All about the first edition of the 2016 College Football Playoff rankings, in a very special Cavalcade of Whimsy.


Contact/Follow @PeteFiutak

What the first College Football Playoff rankings will be
Bowl & College Football Playoff projections
What the top teams have to do to get into the College Football Playoff

Sorry if this column sucks, it’s not my fault …

Like the first two editions of the 2016 College Football Playoff rankings, the column is coming out on the same day as a Game 6 of a World Series that people actually care about, and then on the same day as some silly election thingy.

You know it’s not your year when you were counting on Geno Smith and Arian Foster to do something interesting

Oh dear Lord do I need the third annual College Football Playoff ranking season to kick off.

I can’t listen to anymore pinheads spouting stupid (bleep) about something political.

I can’t deal with anymore creepy grown man open-sobbing and life-issue intensity after every single pitch of a baseball game – as if pitchers and catchers aren’t reporting three months from now.

I can’t deal with my dog of a fantasy football squad that just won’t hunt, or how boring and unwatchable the NFL has become now that my pretend team needs aren’t being met.

I need you, College Football Playoff rankings.

I need to get into fiery debates about how good college football teams really are – and have it mean something to the greater good of the planet.

I need to do my third annual “wait until the final rankings come out” analysis, only to know that this year, that might not turn out to be the case.

I need to get into all the hypotheticals, all the game-on-now bowl projections, and all the breakdowns about what’s probably going to happen over the next month.

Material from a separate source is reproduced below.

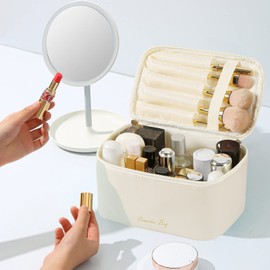 KITENROM Travel Makeup Bag Portable Cosmetic Bags for Women Large Toiletry Bag Cute Pouch Organizer Waterproof (Light Beige)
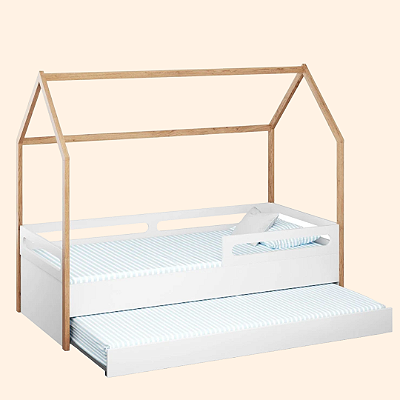 Cama Montessoriana Com Casinha + Cama Auxiliar Coleção Tivoli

And then Alabama will win the national title again, only to confirm what we all sort of knew by the early second quarter of the USC game, but that’s beside the point.

Let us linger here a while in the foolishness of things, cleansing our palate on the sports candy about to be dropped in our bucket, and then do it all again next Tuesday as we …

Eh, screw it. Alabama, Michigan or Clemson, Washington in some order.

First pitch on Tuesday night is 8:07.

Bullet-point blurb to get this column going before things bog down in my wonky, put-a-log-on-the-fire ramblings about the College Football Playoff process and theory

Three November surprise curveballs that’ll shake this whole thing up, a.k.a., I’m throwing (bleep) at the wall on the off-chance that something might stick.

1. Auburn or LSU will beat Alabama. And the gamechanger might come this weekend – I’m not changing my first offseason answer to the best team question when it comes to LSU. This won’t be a Crimson Tide coronation into the playoff. Along with this …

2. We’re going to be dealing with at least one, two-loss team being in the “one of the four best teams” discussion. Wisconsin, Penn State, Oklahoma, Virginia Tech, North Carolina, Washington State, Colorado, Auburn and LSU. This group of teams will make a whole bunch of noise over the next four weeks, in one way or another.

3. Western Michigan will be the only undefeated team left in college football on December 4th. I’m not saying it’ll matter in the College Football Playoff discussion, but it’ll be a topic of conversation.

And if we’ve all been good, sincere, just college football fans, there really will be at least ten real options to choose from

I really do like the College Football Playoff and the way it’s set up – at least compared to the BCS, and especially compared to the Poll ‘n’ Bowl system that America somehow allowed to happen.

However, one thing needs to be established as much as possible from Chairman Kirby Hocutt and the rest of the members whenever they talk to the world about whatever they come up with.

Is it really about the four best teams, or is it really about the conference champions?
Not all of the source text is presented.